:: TASK INPUT ::
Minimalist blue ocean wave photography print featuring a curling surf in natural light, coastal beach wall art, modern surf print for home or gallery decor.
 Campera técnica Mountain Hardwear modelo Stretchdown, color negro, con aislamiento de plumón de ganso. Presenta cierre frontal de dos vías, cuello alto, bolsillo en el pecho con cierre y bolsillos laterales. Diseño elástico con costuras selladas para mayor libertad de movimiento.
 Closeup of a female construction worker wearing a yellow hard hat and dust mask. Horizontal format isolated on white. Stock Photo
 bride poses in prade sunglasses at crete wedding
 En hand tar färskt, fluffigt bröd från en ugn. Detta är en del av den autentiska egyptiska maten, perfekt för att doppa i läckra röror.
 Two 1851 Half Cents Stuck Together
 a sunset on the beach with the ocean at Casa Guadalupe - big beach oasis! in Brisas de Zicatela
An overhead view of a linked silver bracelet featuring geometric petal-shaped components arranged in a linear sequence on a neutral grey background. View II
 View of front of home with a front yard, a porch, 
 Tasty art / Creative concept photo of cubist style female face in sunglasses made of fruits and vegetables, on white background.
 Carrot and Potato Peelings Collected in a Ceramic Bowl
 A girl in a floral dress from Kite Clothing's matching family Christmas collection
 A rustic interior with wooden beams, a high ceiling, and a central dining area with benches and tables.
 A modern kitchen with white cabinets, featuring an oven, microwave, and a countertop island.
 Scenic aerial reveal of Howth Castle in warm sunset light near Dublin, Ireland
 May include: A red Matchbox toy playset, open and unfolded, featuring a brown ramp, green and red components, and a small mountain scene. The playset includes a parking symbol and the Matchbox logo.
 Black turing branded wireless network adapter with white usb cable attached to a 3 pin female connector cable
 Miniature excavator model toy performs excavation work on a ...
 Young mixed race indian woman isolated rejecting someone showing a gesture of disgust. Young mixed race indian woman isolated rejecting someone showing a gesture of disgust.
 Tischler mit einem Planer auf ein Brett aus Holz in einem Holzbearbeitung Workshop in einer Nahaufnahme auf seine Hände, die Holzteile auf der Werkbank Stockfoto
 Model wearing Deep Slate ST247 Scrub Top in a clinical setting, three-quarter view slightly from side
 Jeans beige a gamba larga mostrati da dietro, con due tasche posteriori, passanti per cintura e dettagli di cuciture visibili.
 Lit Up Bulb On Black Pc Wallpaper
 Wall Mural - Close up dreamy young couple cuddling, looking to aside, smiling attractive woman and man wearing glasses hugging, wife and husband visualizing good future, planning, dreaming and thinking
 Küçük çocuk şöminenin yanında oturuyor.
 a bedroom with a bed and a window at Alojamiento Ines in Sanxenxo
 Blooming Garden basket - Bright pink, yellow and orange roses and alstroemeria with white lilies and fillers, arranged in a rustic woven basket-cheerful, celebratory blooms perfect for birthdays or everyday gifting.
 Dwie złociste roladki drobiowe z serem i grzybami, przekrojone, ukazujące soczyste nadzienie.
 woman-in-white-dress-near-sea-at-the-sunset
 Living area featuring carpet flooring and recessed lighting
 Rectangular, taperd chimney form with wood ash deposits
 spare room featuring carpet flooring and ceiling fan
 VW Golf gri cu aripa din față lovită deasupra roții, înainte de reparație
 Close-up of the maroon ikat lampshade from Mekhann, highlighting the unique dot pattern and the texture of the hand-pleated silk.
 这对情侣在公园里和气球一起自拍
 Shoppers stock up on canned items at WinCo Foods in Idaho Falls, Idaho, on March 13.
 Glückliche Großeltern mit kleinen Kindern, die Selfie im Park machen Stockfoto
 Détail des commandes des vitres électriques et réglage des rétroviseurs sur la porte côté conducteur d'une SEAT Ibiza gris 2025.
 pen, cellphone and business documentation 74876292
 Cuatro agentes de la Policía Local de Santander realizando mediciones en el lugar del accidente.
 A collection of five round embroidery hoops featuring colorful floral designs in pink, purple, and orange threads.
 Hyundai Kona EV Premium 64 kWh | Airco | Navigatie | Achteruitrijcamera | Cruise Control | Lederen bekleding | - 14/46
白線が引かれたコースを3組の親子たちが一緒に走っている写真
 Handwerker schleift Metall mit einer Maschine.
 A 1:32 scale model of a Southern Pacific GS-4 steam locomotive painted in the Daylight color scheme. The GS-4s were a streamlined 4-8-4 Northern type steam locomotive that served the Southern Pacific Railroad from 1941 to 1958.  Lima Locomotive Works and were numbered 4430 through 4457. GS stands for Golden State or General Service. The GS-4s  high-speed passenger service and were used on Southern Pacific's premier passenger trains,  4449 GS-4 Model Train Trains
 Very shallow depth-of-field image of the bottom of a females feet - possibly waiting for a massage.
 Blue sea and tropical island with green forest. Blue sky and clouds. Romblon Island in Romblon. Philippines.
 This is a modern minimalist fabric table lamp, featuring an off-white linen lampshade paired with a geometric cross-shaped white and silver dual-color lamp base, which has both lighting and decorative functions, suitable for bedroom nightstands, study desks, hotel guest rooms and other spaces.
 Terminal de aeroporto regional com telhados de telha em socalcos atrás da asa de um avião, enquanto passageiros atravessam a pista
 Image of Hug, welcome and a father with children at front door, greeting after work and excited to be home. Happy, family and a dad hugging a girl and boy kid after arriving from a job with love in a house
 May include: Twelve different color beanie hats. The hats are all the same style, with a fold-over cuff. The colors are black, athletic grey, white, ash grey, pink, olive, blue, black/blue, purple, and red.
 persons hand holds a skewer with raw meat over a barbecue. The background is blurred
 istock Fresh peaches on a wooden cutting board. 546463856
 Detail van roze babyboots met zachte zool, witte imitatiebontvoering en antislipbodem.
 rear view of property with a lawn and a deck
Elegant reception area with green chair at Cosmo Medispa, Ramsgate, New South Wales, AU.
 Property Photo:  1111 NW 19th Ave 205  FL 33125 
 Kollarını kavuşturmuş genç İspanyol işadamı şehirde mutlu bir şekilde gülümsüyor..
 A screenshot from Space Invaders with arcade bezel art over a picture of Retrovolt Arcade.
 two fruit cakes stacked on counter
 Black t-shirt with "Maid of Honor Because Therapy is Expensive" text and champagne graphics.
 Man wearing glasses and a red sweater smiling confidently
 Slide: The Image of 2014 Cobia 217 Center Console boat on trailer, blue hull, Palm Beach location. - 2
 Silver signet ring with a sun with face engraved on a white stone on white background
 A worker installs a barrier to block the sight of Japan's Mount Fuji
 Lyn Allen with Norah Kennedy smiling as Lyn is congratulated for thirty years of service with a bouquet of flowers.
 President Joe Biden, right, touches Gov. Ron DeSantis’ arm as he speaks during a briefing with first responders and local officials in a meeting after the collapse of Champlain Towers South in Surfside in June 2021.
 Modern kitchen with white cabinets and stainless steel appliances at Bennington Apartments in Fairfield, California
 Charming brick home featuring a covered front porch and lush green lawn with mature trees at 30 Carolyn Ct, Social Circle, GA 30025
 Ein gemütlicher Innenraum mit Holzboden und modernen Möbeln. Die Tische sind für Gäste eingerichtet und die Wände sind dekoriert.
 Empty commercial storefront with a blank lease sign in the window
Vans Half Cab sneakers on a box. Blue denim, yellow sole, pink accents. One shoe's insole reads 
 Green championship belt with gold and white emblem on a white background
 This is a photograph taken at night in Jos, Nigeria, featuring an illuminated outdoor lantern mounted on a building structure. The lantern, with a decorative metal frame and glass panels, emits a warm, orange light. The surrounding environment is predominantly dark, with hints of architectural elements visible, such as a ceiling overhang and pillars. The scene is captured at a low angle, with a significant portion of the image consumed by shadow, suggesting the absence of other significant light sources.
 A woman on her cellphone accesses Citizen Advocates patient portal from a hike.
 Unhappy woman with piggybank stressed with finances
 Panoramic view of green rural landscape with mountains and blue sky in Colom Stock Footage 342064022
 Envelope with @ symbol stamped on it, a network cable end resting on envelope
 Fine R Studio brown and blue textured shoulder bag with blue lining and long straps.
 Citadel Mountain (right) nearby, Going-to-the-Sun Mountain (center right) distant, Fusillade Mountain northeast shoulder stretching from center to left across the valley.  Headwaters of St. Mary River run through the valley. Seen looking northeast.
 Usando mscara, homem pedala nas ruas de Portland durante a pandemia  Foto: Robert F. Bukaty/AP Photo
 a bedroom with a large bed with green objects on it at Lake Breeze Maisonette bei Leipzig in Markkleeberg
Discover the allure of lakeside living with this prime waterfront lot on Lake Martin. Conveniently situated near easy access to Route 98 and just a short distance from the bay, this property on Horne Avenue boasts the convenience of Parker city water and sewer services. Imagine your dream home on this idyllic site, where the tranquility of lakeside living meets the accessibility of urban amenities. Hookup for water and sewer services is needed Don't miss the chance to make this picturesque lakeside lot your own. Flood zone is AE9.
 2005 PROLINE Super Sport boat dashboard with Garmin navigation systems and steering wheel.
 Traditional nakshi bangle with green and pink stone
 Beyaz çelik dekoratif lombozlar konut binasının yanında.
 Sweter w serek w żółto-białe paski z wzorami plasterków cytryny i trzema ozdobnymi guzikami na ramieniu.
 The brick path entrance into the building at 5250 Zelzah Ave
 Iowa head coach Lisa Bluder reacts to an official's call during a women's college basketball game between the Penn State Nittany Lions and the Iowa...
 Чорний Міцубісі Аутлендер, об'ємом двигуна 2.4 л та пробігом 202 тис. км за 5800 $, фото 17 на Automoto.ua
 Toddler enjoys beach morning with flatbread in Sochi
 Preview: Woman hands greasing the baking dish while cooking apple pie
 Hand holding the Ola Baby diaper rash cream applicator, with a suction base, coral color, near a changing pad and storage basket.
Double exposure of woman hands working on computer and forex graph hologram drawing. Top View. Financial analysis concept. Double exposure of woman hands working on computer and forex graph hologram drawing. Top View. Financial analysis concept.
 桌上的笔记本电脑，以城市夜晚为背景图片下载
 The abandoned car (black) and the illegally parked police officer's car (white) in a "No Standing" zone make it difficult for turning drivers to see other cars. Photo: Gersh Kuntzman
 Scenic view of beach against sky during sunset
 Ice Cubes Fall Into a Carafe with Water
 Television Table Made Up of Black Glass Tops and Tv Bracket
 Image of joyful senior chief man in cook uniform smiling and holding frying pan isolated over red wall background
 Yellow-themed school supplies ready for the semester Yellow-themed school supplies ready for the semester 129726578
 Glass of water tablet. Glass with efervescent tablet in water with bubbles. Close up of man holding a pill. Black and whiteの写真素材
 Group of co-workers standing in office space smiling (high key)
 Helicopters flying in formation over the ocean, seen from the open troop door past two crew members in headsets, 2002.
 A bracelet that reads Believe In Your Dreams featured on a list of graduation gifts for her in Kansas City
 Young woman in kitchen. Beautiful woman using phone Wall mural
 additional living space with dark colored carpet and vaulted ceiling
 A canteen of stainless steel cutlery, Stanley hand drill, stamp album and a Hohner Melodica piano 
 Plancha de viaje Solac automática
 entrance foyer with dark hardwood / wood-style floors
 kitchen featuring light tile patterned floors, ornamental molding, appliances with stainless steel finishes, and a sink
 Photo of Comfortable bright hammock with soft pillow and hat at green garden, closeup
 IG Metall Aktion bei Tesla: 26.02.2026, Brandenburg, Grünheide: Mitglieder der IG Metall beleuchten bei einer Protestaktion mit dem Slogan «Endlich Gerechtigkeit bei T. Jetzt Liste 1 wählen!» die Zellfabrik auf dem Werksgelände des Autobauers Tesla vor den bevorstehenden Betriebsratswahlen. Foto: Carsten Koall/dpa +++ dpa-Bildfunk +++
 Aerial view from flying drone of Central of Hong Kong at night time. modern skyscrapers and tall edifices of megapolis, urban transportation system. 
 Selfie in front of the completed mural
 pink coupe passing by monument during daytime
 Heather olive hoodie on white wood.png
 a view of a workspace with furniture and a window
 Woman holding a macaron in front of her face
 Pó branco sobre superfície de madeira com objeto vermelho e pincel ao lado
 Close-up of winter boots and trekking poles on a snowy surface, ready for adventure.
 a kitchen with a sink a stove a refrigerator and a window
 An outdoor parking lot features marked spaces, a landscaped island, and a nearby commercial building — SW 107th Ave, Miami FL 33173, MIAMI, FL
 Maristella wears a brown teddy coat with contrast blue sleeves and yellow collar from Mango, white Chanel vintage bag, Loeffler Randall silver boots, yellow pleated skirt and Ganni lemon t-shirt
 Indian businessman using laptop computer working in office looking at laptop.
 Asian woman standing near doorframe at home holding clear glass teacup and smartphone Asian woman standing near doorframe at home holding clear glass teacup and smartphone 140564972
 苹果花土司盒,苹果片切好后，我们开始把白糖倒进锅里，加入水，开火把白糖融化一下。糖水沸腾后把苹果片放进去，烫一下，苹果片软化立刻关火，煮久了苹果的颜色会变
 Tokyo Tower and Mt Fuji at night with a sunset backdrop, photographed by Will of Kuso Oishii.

:: WHAT IS EXPECTED ::
Begin with the first line of the records and finish with the line containing "A rustic interior". Reproduce those lines exactly, both ends included, and nothing else.

:: RESPONSE TO THE EXERCISE ::
Minimalist blue ocean wave photography print featuring a curling surf in natural light, coastal beach wall art, modern surf print for home or gallery decor.
 Campera técnica Mountain Hardwear modelo Stretchdown, color negro, con aislamiento de plumón de ganso. Presenta cierre frontal de dos vías, cuello alto, bolsillo en el pecho con cierre y bolsillos laterales. Diseño elástico con costuras selladas para mayor libertad de movimiento.
 Closeup of a female construction worker wearing a yellow hard hat and dust mask. Horizontal format isolated on white. Stock Photo
 bride poses in prade sunglasses at crete wedding
 En hand tar färskt, fluffigt bröd från en ugn. Detta är en del av den autentiska egyptiska maten, perfekt för att doppa i läckra röror.
 Two 1851 Half Cents Stuck Together
 a sunset on the beach with the ocean at Casa Guadalupe - big beach oasis! in Brisas de Zicatela
An overhead view of a linked silver bracelet featuring geometric petal-shaped components arranged in a linear sequence on a neutral grey background. View II
 View of front of home with a front yard, a porch, 
 Tasty art / Creative concept photo of cubist style female face in sunglasses made of fruits and vegetables, on white background.
 Carrot and Potato Peelings Collected in a Ceramic Bowl
 A girl in a floral dress from Kite Clothing's matching family Christmas collection
 A rustic interior with wooden beams, a high ceiling, and a central dining area with benches and tables.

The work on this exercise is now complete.